Exploring University Students’Preferences for AI-Assisted Learning Environment
This study employed drawing and co-word analysis techniques to explore students’ preferences for AI-assisted learning environments. A total of 64 teacher education students from a university in Taiwan participated in the study. The participants were asked to describe their perceptions of AI-assisted learning in the form of drawings and text descriptions. In order to analyze the content of the students’drawings, a coding scheme was developed based on the activity theory framework. Based on the results of the analysis, it was found that students placed more importance on personalized guidance and appropriate learning content provision.
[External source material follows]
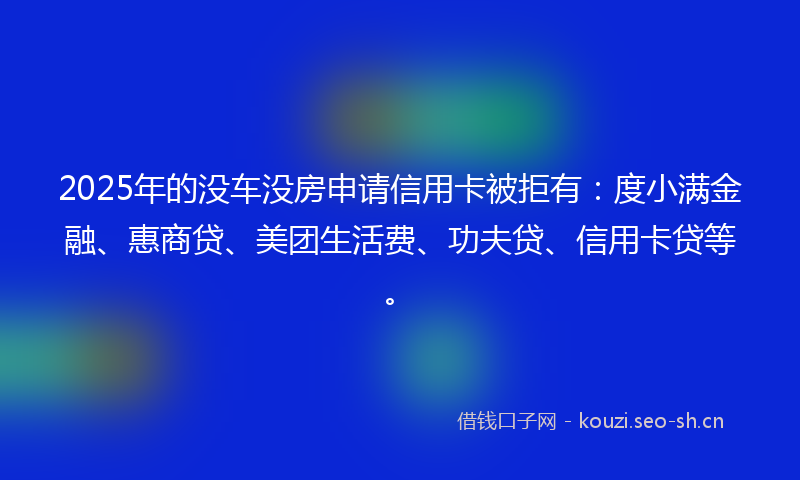 2025年的没车没房申请信用卡被拒有:度小满金融、惠商贷、美团生活费、功夫贷、信用卡贷等。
In addition, students acknowledged that AI technology can be used flexibly in different fields and situations. Interestingly, more than half of the students agreed that robots play important roles in AI-assisted learning. This indicates that the students expected a social AI learning companion. However, it was found that students’ expectations of an AI learning environment were less connected to the real environment and did not reveal learning activities with higher order thinking. In addition to the need for accurate and fast AI computing, this result indicated that professional instructional guidance is also an expectation that students have of AI education.